AHC/WI: Stock Car Racing Continues with Generally Available Vehicles

Or, just bring it to it's bootlegger roots kicking and screaming.
-Homologation at 1,000 vehicles a year
-Severe budget cap for cars and parts. $300,000 in 2014 USD for the cars over a length of a season, $50,000/race for the parts. (Safety measures not included in cap).
 

Anderman

Donor
What about the Ford Thunderbird irrc it was a FR unibody design. AT least Ford had what could be used as a class-A car.
 

NothingNow

Banned
Considering that staff has a hard time regulating the cars they have now, forgive me for having little faith in that ability.
If F1 and the FIA can do it, I don't see how the hell NASCAR would have a problem if they got serious and professional about it.


Stabilizing aerodynamic devices were not known to any real degree until the late 1980s, and that's too late for this.
Mostly because people weren't investigating them then. Mandating shit like Gurney Flaps, and roof flaps (which are an extremely simple design,) starting in the mid 70s, along with restrictor plates would do it.

Need a big PoD to get rid of Bill France who encouraged those shenanigans

Yeah, a lot of NASCAR's problems come from the France family.
 
Were NASCARs fitted with fully integrated roll cages in the 60s and early 70s? If not a simple rule change could open up the competition to cars otherwise thought to be not rigid enough.

They were just regular production autos with interiors stripped out, welded in cages.

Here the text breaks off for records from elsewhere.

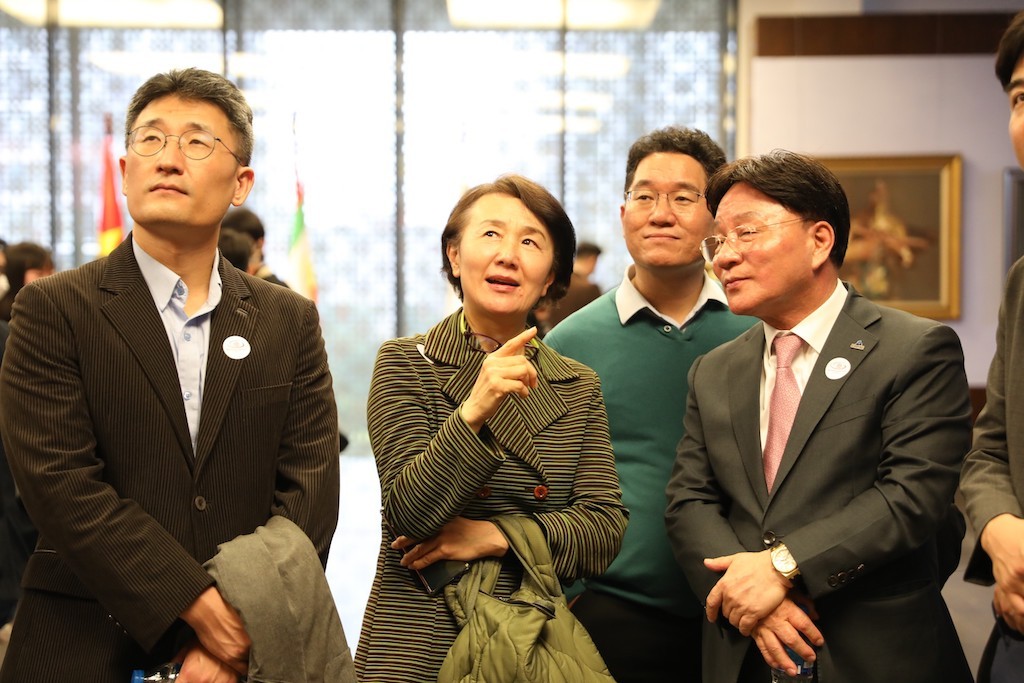 Vietnam - Korea Fine Arts Exhibition in Hanoi Opens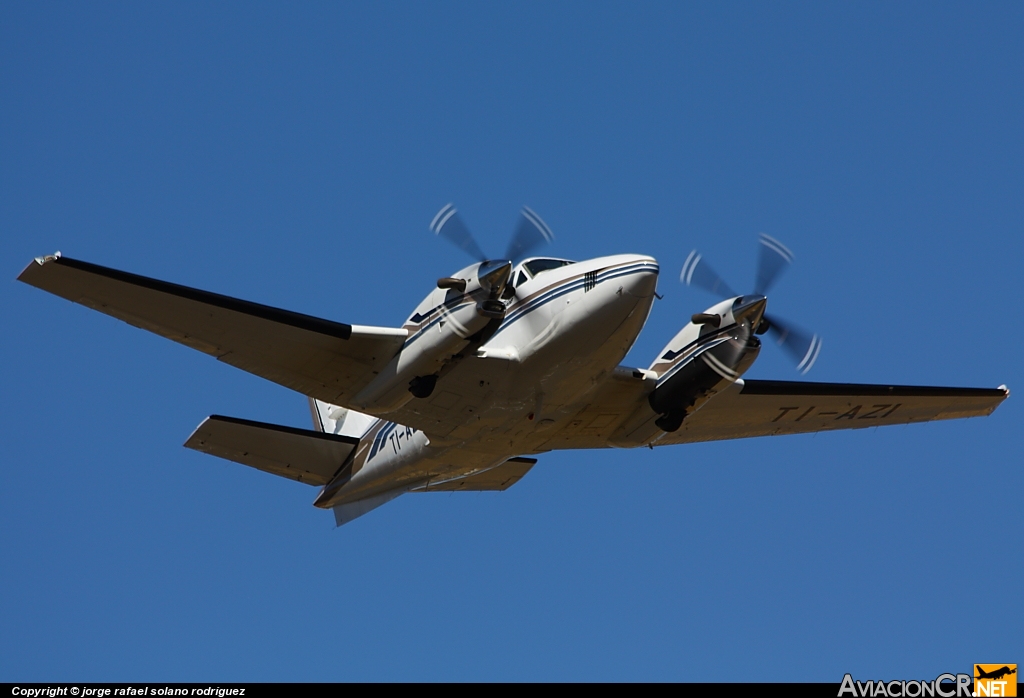 TI-AZI - Beechcraft 90 King Air - Privado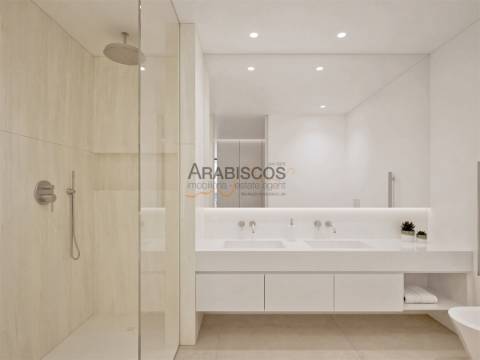 Moradia T4 - Vista Mar - Piscina - 4 Suítes - Piso Radiante - Ar Condicionado - Lagos - Algarve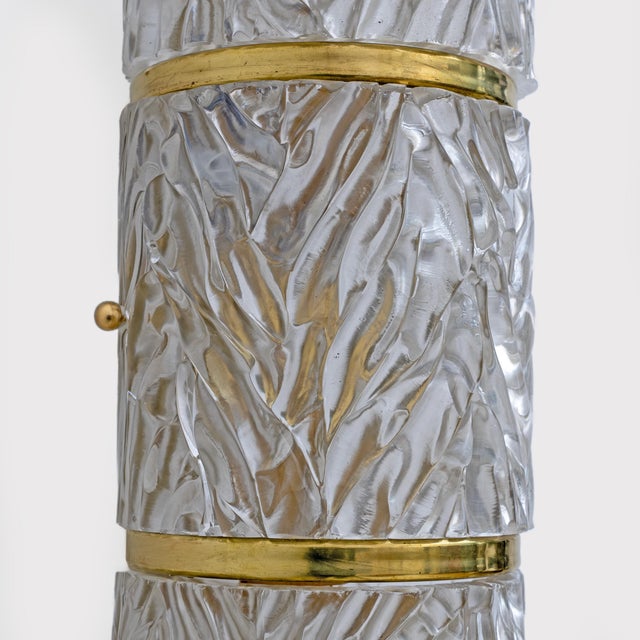Modern Italian Brass and Murano Glass Textured Wall Sconces, Set of 2 For Sale - Image 6 of 11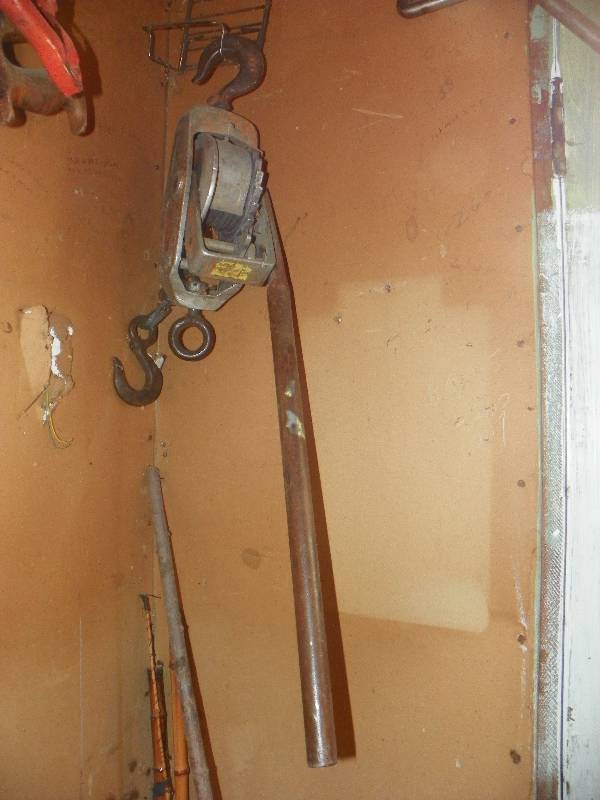 lot 171 image: HAND WINCH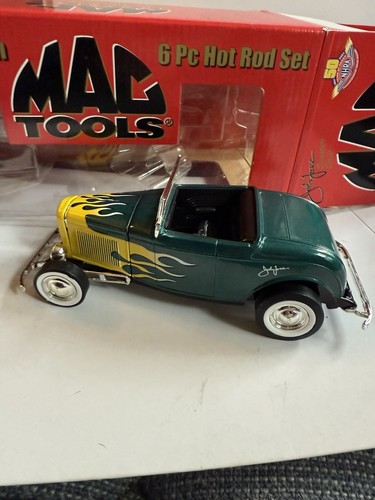 Mac Tools John Force Signature series 1932 Ford Roadster Hot Rod 1:24 Scale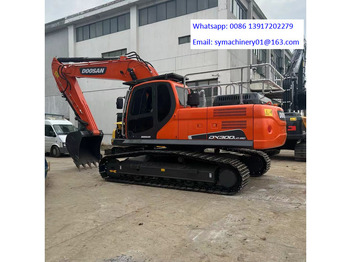 حفار زحاف DOOSAN DX225LC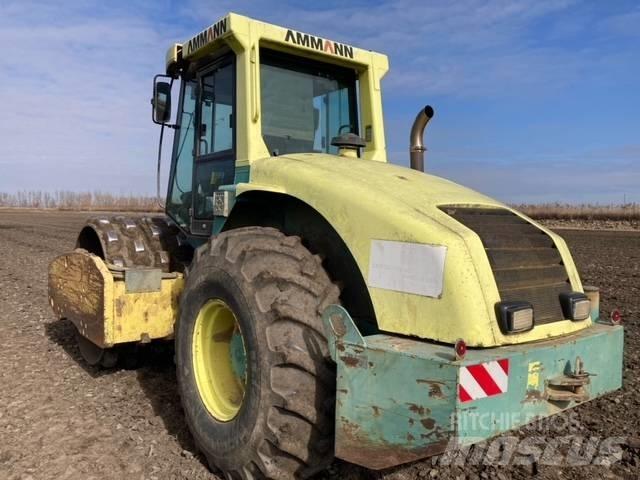 Ammann ASC 150 PD 싱글 드럼 롤러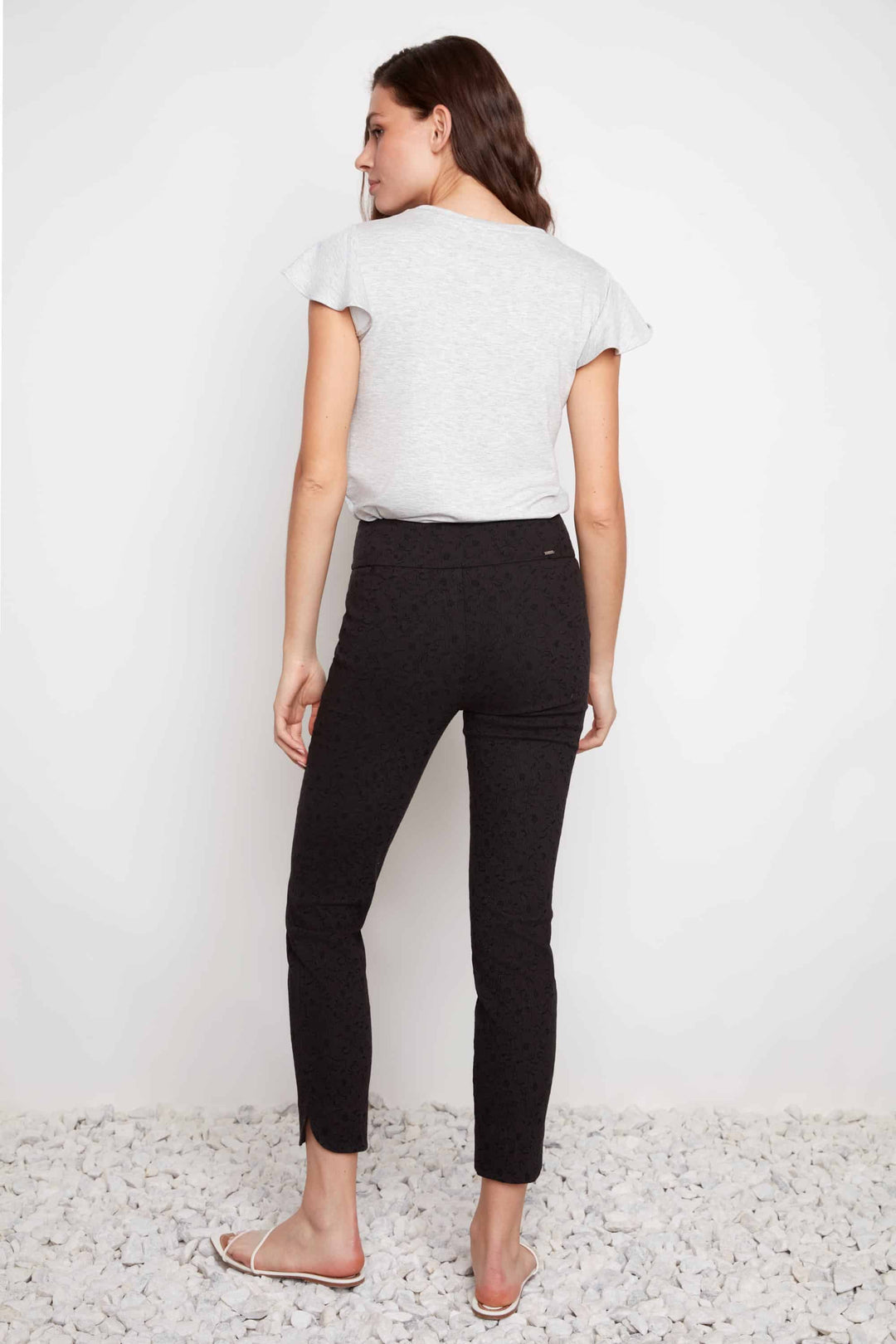 Textured Techno Petal-slit Ankle Pant Style 68816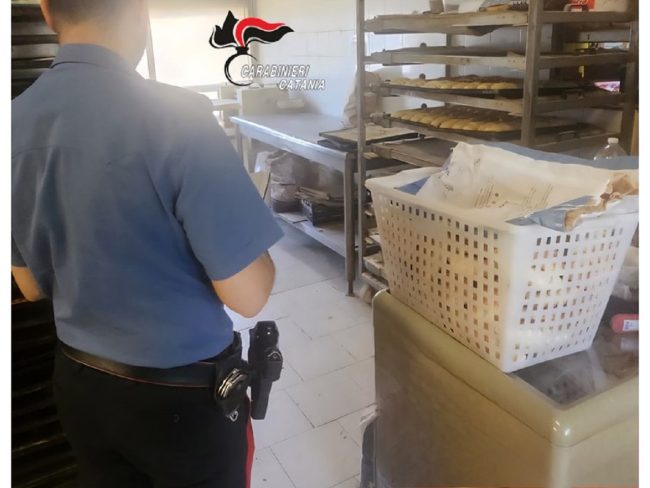 Chiuso un panificio catanese: allacci abusivi per non pagare acqua e luce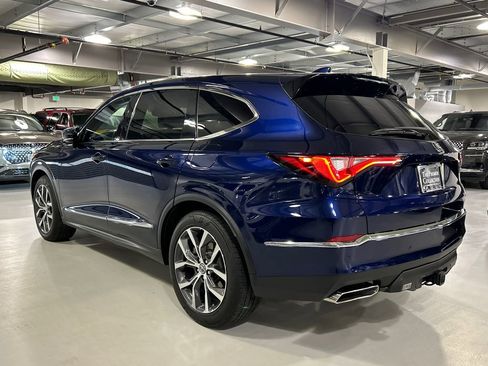 Used 2023 Acura MDX SH-AWD w/ Technology Package image 4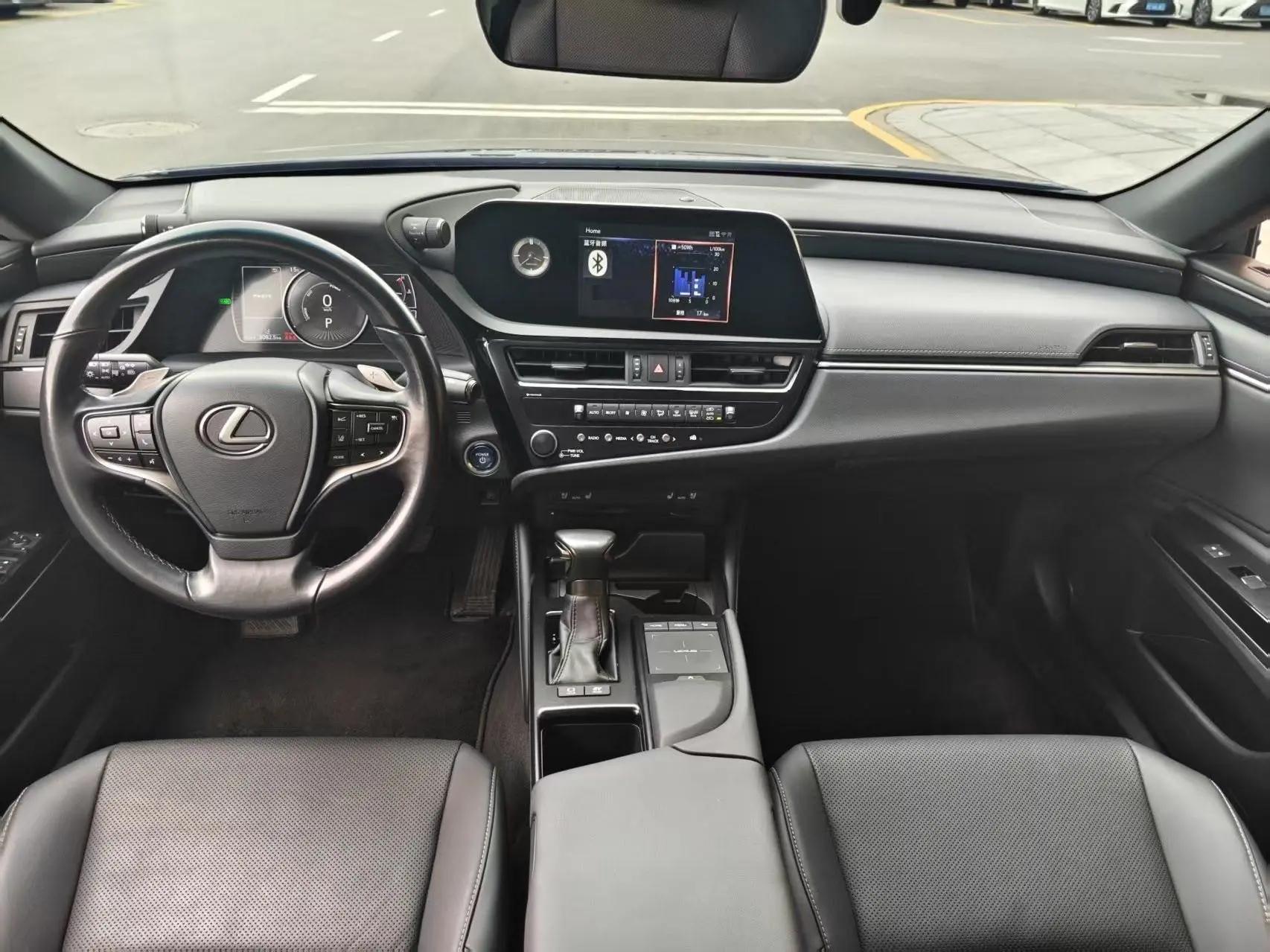 Lexus ES 2021 300h Premium Edition 6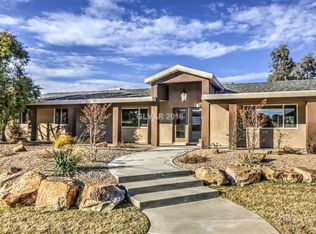 310 E Longacres Dr, Henderson, NV 89015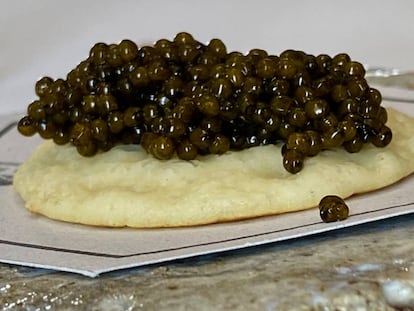 Blinis de pescadilla con mahonesa y caviar. (Menú 2020) J.C. CAPEL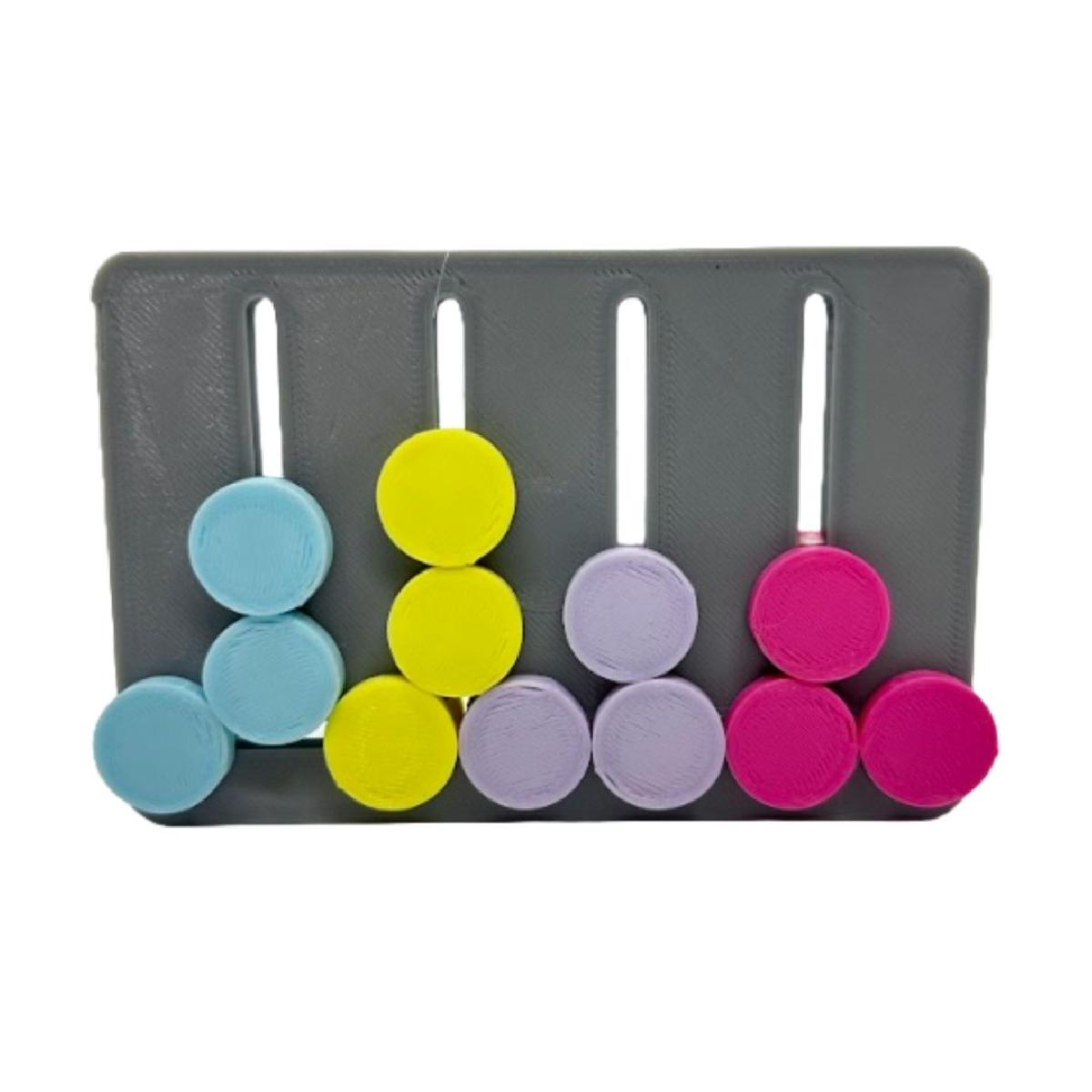 Brinquedo 1 por Julio Portilla   HKC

roll bars were in the '50s, but optional at first, cages in the '60s, and mandatory. Window nets were optional till 1970

Added reinforcing bars for the doors and such was sometimes in the '60s.
 

Australia only really has one big speedway, though, and the speeds at the Calder Thunderdome are considerably less than one gets with the same cars at Daytona or Talladega, thus the stress on the tires is far less. Furthermore, those cars used high-performance street radials, which at the speeds used at the tracks used by AUSCAR could be done safely.
 

Delta Force

Banned
What about drag racing? It seems to have been more open to some of the innovations going in with road cars at the time (the Ford cammer was rejected from NASCAR but found a niche in drag racing). It would also play better with the strengths and weaknesses of American car performance at the time, which featured high torque engines on cars that didn't have good maneuverability or handling. The safety concerns about aerodynamics and high speed would be reduced, since the fastest quarter mile achieved by a production car is 9.7 seconds at 149.1 miles per hour by a 2015 Ferrari LaFerrari.